Avec cette nouvelle liaison, Île-de-France Mobilités poursuit surtout une stratégie désormais assumée : faire du car express un véritable outil d’aménagement territorial. Derrière cette ligne 7711 se dessine en réalité une philosophie plus large portée par Valérie Pécresse et François Durovray : reconnecter les territoires périphériques aux grands bassins d’emploi sans attendre les calendriers parfois interminables des grands projets ferroviaires.
La recette est désormais bien identifiée. Des cars confortables, une desserte limitée aux principaux pôles, une utilisation des grands axes autoroutiers et des correspondances optimisées avec les réseaux ferrés existants. Ici, la ligne connectera le RER D, le T12 ainsi que la ligne R, créant une colonne vertébrale de mobilité entre l’Essonne et la Seine-et-Marne.

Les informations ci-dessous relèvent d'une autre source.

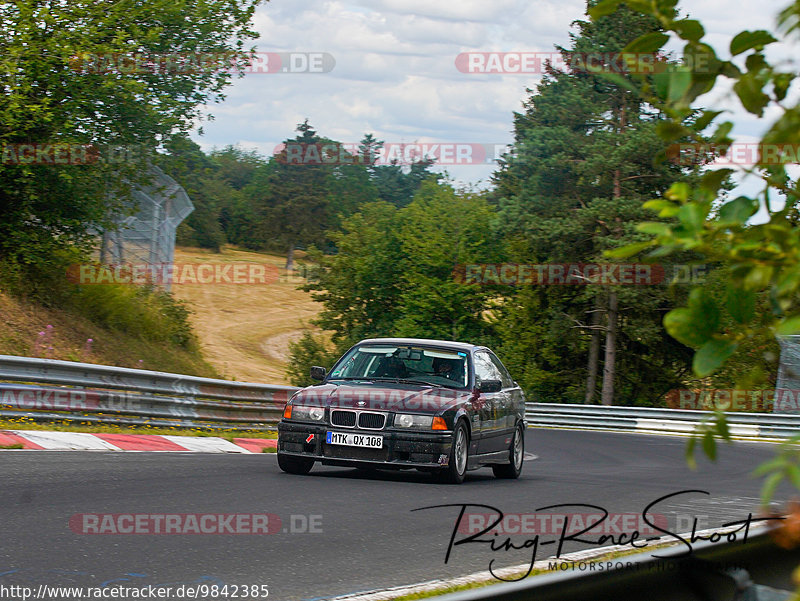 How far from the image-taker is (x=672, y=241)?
73.9 inches

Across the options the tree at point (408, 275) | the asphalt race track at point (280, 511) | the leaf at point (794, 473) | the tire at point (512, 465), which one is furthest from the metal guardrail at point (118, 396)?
the tree at point (408, 275)

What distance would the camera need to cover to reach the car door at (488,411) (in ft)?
38.7

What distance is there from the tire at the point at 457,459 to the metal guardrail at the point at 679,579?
6483mm

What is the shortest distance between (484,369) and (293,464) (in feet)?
9.20

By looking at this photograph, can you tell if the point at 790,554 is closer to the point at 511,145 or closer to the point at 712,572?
the point at 712,572

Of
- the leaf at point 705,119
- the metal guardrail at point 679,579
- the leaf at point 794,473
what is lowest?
the metal guardrail at point 679,579

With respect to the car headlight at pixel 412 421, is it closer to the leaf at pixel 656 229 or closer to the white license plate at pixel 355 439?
the white license plate at pixel 355 439

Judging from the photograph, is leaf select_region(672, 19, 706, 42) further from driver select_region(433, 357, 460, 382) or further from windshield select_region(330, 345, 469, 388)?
driver select_region(433, 357, 460, 382)

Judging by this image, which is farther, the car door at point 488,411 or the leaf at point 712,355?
the car door at point 488,411

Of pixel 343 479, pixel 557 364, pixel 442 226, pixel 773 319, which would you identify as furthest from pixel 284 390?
pixel 442 226

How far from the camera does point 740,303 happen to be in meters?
2.01

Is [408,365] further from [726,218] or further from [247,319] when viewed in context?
[247,319]

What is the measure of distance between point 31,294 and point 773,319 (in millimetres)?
22175

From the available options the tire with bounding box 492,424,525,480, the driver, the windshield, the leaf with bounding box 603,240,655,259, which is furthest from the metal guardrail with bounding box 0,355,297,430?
the leaf with bounding box 603,240,655,259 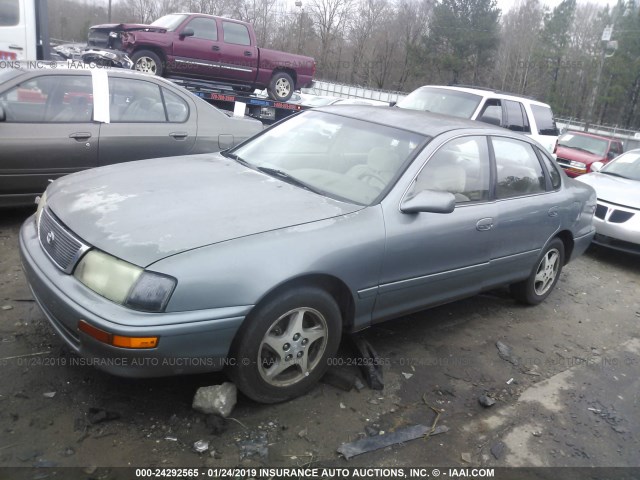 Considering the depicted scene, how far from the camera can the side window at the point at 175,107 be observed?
19.0ft

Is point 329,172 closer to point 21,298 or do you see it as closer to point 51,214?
point 51,214

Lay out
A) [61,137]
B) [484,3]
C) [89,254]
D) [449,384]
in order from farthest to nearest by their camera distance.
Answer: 1. [484,3]
2. [61,137]
3. [449,384]
4. [89,254]

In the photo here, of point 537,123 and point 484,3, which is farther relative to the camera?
point 484,3

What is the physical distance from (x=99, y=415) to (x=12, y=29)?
8.40 metres

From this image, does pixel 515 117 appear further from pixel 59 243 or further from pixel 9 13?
pixel 9 13

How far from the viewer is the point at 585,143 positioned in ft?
52.6

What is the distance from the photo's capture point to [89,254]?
2627 mm

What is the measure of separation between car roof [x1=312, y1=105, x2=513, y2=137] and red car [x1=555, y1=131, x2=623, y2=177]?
10.9m

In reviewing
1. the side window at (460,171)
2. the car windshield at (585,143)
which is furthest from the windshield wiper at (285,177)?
the car windshield at (585,143)

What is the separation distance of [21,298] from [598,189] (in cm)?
714

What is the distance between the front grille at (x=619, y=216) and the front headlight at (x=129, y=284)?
6430 millimetres

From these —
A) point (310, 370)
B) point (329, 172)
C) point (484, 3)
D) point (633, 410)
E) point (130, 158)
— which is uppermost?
point (484, 3)

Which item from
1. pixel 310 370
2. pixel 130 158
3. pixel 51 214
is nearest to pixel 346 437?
pixel 310 370

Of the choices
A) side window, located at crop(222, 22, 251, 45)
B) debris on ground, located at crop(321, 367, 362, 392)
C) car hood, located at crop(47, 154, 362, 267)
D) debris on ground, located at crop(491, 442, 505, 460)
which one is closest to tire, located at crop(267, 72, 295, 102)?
side window, located at crop(222, 22, 251, 45) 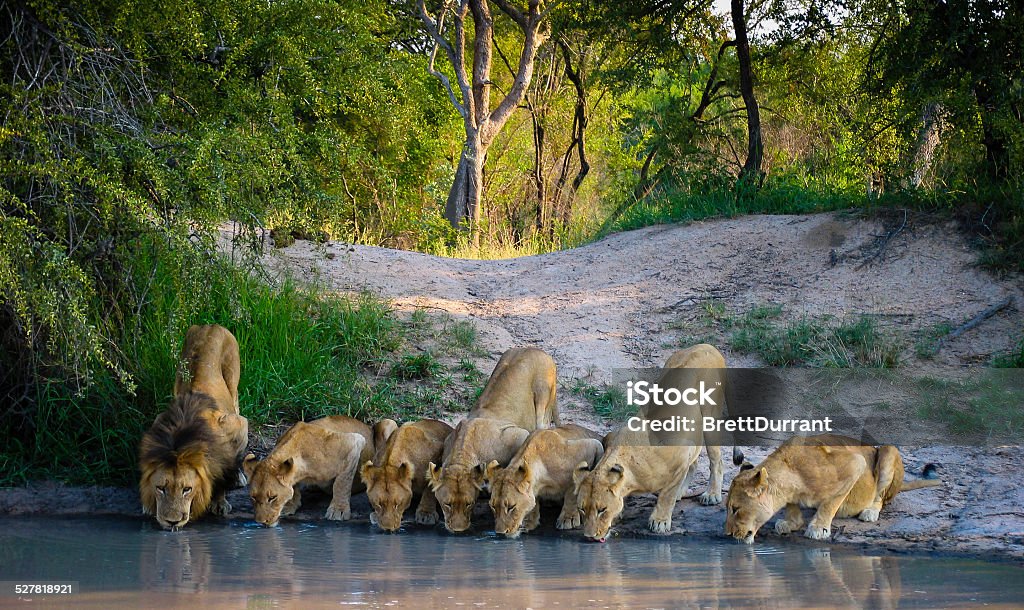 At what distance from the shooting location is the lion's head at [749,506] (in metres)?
7.23

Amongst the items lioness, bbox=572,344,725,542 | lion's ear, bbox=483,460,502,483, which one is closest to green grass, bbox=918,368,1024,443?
lioness, bbox=572,344,725,542

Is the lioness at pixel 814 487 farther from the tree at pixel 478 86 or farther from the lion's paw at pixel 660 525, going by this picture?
the tree at pixel 478 86

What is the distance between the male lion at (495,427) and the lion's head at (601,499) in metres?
0.78

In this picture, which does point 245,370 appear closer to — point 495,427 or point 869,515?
point 495,427

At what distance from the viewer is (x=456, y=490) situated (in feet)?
25.0

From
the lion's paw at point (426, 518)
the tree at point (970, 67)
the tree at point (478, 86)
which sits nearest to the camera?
the lion's paw at point (426, 518)

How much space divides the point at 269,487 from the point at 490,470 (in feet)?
5.18

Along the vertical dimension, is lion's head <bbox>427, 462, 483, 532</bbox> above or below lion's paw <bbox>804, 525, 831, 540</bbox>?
above

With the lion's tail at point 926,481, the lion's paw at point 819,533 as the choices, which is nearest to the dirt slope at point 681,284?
the lion's tail at point 926,481

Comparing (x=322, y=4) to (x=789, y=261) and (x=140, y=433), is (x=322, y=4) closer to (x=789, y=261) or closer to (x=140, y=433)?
(x=140, y=433)

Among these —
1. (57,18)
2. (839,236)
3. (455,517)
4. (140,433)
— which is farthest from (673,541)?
(839,236)

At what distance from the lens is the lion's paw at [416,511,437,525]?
7902 mm

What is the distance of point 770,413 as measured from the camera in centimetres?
1005

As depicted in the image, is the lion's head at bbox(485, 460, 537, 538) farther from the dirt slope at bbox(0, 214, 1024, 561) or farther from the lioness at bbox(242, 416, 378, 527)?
the dirt slope at bbox(0, 214, 1024, 561) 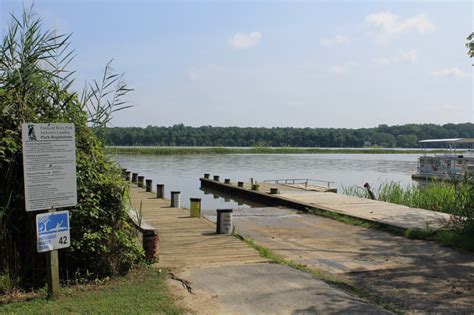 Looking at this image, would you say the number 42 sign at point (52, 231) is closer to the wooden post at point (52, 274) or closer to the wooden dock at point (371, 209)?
the wooden post at point (52, 274)

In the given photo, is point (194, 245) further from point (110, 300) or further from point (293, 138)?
point (293, 138)

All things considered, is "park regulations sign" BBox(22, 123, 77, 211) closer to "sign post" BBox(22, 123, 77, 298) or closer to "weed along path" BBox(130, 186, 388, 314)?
"sign post" BBox(22, 123, 77, 298)

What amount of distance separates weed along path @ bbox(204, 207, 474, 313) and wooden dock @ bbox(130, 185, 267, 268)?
24.6 inches

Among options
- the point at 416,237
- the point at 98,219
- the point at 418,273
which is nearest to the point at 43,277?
the point at 98,219

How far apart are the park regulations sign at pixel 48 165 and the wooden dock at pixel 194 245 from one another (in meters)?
2.14

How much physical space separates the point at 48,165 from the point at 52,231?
724mm

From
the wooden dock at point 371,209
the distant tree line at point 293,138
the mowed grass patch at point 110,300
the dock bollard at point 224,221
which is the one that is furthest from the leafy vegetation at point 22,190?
the distant tree line at point 293,138

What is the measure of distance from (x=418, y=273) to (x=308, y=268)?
1534mm

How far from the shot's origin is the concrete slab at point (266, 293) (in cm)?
489

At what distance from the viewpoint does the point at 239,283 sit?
19.1 feet

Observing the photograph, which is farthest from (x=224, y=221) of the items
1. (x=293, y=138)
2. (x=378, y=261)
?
(x=293, y=138)

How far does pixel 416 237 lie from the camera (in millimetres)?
9359

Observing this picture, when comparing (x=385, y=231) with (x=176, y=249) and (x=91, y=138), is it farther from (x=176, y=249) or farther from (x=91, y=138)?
(x=91, y=138)

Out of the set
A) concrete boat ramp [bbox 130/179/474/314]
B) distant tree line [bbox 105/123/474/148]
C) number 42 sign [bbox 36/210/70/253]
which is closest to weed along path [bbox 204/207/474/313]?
concrete boat ramp [bbox 130/179/474/314] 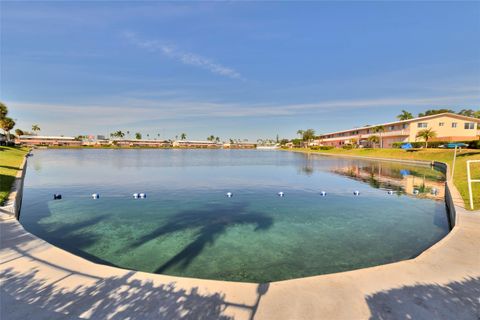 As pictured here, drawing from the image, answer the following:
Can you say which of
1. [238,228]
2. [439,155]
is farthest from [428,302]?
[439,155]

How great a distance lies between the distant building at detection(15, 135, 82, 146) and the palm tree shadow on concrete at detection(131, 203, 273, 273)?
20670cm

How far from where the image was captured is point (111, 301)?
5.05 metres

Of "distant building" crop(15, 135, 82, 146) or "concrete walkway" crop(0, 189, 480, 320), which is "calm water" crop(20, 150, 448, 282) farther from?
"distant building" crop(15, 135, 82, 146)

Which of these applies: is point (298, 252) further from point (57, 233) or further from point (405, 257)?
point (57, 233)

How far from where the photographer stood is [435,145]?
63219 millimetres

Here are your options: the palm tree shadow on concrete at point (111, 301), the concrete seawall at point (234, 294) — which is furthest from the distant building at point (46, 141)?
the palm tree shadow on concrete at point (111, 301)

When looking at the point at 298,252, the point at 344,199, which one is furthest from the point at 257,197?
the point at 298,252

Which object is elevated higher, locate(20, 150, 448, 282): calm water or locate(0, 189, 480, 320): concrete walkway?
locate(0, 189, 480, 320): concrete walkway

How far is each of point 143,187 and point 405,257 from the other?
2179 cm

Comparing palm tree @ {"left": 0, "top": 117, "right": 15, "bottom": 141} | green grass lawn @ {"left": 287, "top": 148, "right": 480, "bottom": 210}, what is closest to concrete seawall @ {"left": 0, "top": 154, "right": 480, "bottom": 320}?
green grass lawn @ {"left": 287, "top": 148, "right": 480, "bottom": 210}

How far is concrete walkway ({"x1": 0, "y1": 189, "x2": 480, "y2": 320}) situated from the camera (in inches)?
187

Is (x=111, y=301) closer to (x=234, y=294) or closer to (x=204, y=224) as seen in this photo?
(x=234, y=294)

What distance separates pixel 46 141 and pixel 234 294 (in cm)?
22885

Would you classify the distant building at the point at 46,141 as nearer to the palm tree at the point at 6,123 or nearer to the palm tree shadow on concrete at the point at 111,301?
the palm tree at the point at 6,123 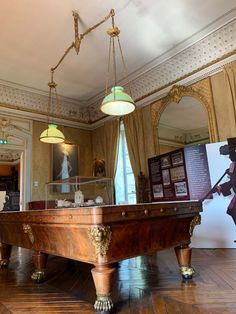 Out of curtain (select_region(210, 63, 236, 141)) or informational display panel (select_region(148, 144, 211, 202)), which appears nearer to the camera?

Le choix du bioGNV n’est évidemment pas anodin. Les véhicules neufs financés intégralement par Île-de-France Mobilités à hauteur de 2,6 millions d’euros traduisent aussi la volonté de verdir progressivement les dessertes routières régionales. Climatisation, prises USB, accessibilité PMR, espace renforcé entre les sièges : le car express tente désormais de s’éloigner de l’image du simple transport interurbain pour se rapprocher des standards de confort du ferroviaire.
Avec son schéma directeur des lignes express, Île-de-France Mobilités veut doubler le nombre de lignes d’ici 2030 pour atteindre 97 liaisons structurantes. Un programme massif représentant près d’un milliard d’euros d’investissement sur dix ans.
Car pendant que les regards restent souvent braqués sur le Grand Paris Express, une autre révolution des mobilités est peut-être déjà en train de circuler sur l’autoroute A6.